2. These are the parts for the quarter knee - rather than just using a ply doubler, I used a spacer piece of hoop pine which extends undere the inwhale for extra strength.
3/4. Rebating the top layer of ply is best done with a series of saw cuts to the marked depth (4mm). Then chisel out the intermediate sections.
5.The fancy curved end is useful work for a cutter held in the Dremel.
6. An armfull of clamps epoxied the quarter knees in place.

7. For some strange reason I have decided to add a small foredeck to my Joansa. Should be good for trips out into the Tasman ocean (!). This was my method for establishing curves and heights.

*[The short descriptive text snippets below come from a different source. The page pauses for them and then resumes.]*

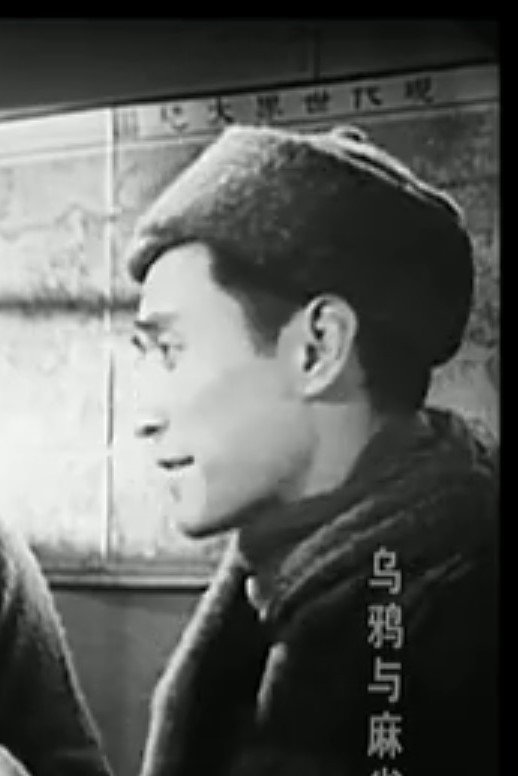 Tian Guangcai's poster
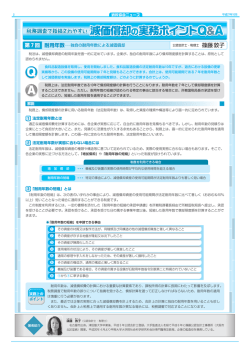 第 回 耐用年数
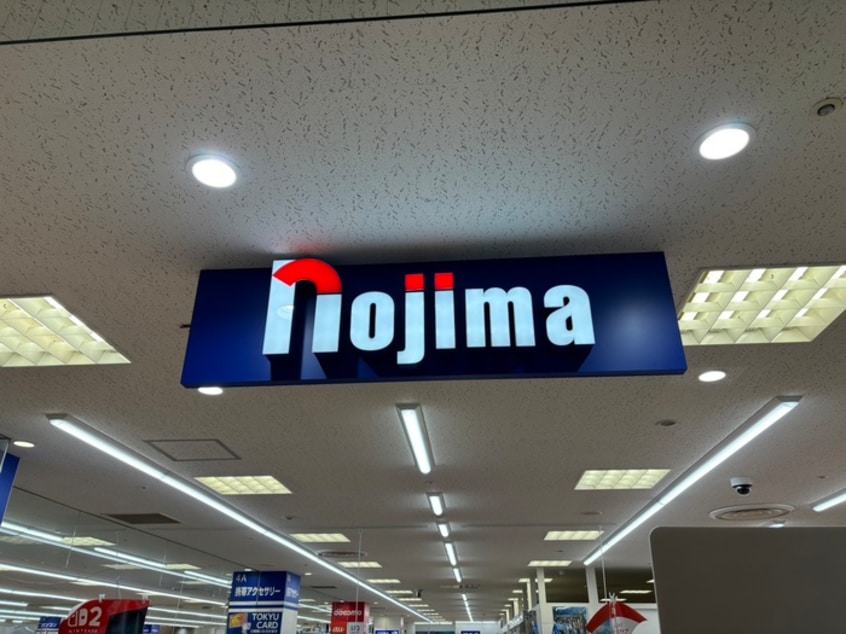 ノジマ　日吉東急アベニュー店(電気量販店/ホームセンター)まで750m emハイム日吉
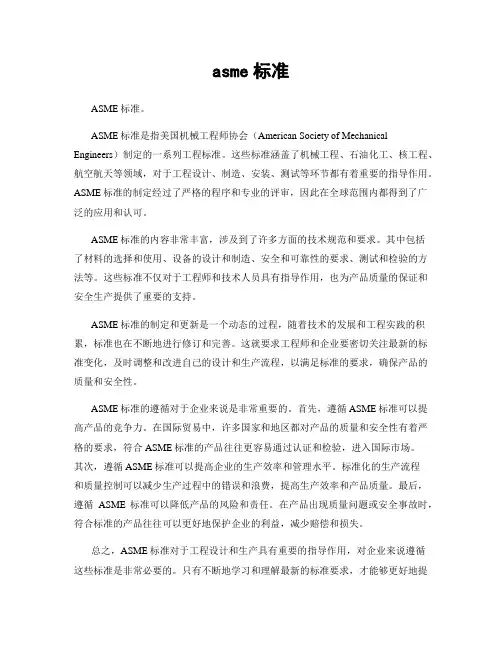 asme标准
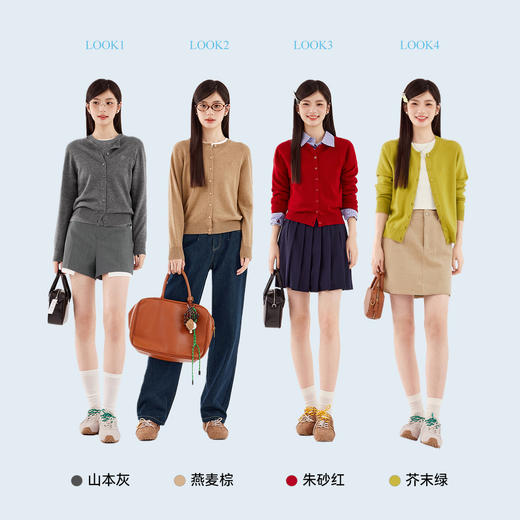 【严选】【心动毛衣】诗凡黎全羊毛圆领针织开衫2024秋新款全成型薄款针织SF8131111 商品图1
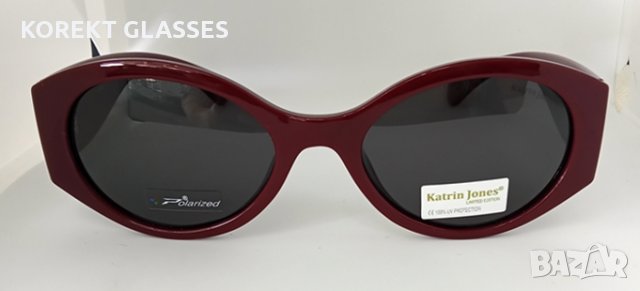 Katrin Jones HIGH QUALITY POLARIZED 100%UV Слънчеви очила TOП цена! Гаранция! Перфектно качество!, снимка 3 - Слънчеви и диоптрични очила - 34273806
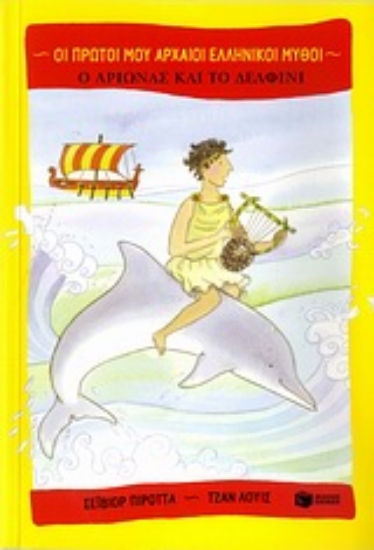 Εικόνα Ο Αρίωνας και το δελφίνι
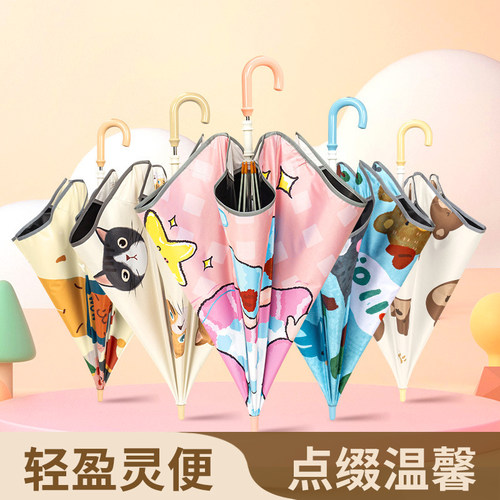 杂货先生儿童雨伞直杆弯长柄伞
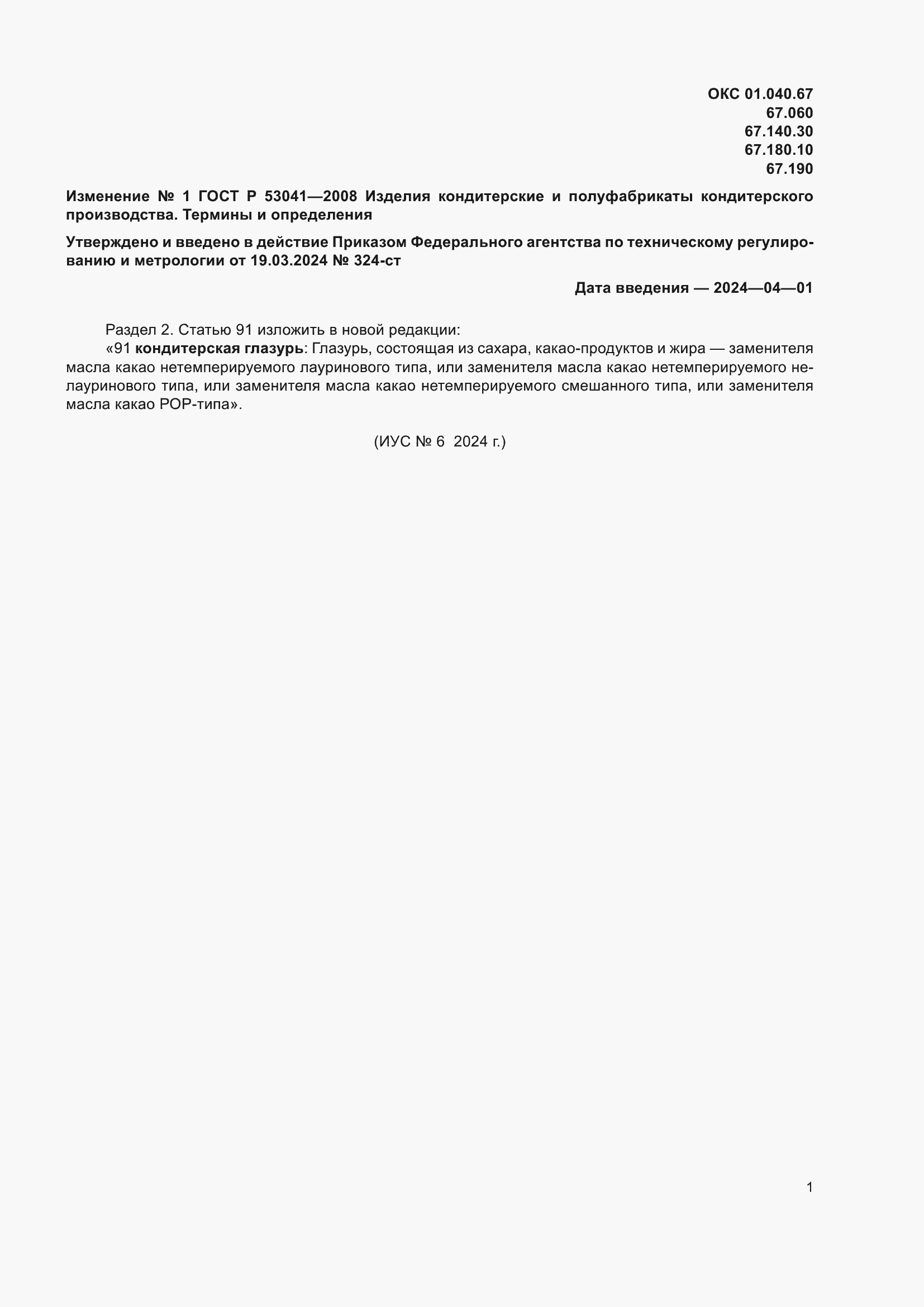 Страница 17 ГОСТ Р 53041-2008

8. The apex of the curved deck beam forming the rear of the foredeck was established by sighting from the stem to the transom. I then guessed a "fair curve".
9. As the ply deck needs to bend in a straight line ie. a conical shape in this case, I pivoted a batten at the bow and moved it through even distances (chalked on the aft deck beam)
10. At each chalked positon, I measured the offset from the bottom of a batten set at the position of the intermediated deck beam ...
11. These offsets were then transferred to a ply pattern which was used to make the intermediate deck beam.
12. The two deck beams in position.
13. I doubled the tickness of the deckbeams to a final thickness of 12mm.
14. because I am an idiot and didn't leave enough 4mm ply to cover the foredeck, I had to come up with another scheme ...
15... using a bit of left over oar laminate to make a central rib. This is rebated each side to take two half decks.
16. This central rib needs housing into the deck beams and the stem.
17. How much simpler it would have been if I had just followed the plans!
18. The intention is to fit a coaming at the aft end of this deck.
19. Hopefully it will be useful for stowing some light object like surplus clothing or lunch.
20. A reinforcing ply plate is necessary for the inside of the transom. It will also lock in the extra knee I have added here.
21. A couple of steel rules are being used to hold a temporary dam in place so that I can pour some epoxy here. This will be used to take a stainless steel tube athwartships to accept a towing pin.

22. The building jig has had some cross braces added to take the inverted hull.

23. Over she goes - ready for the keel and chine fibre-glassing.
24. The planks are filleted as per John's instructions. Gives a nice "clinker" look.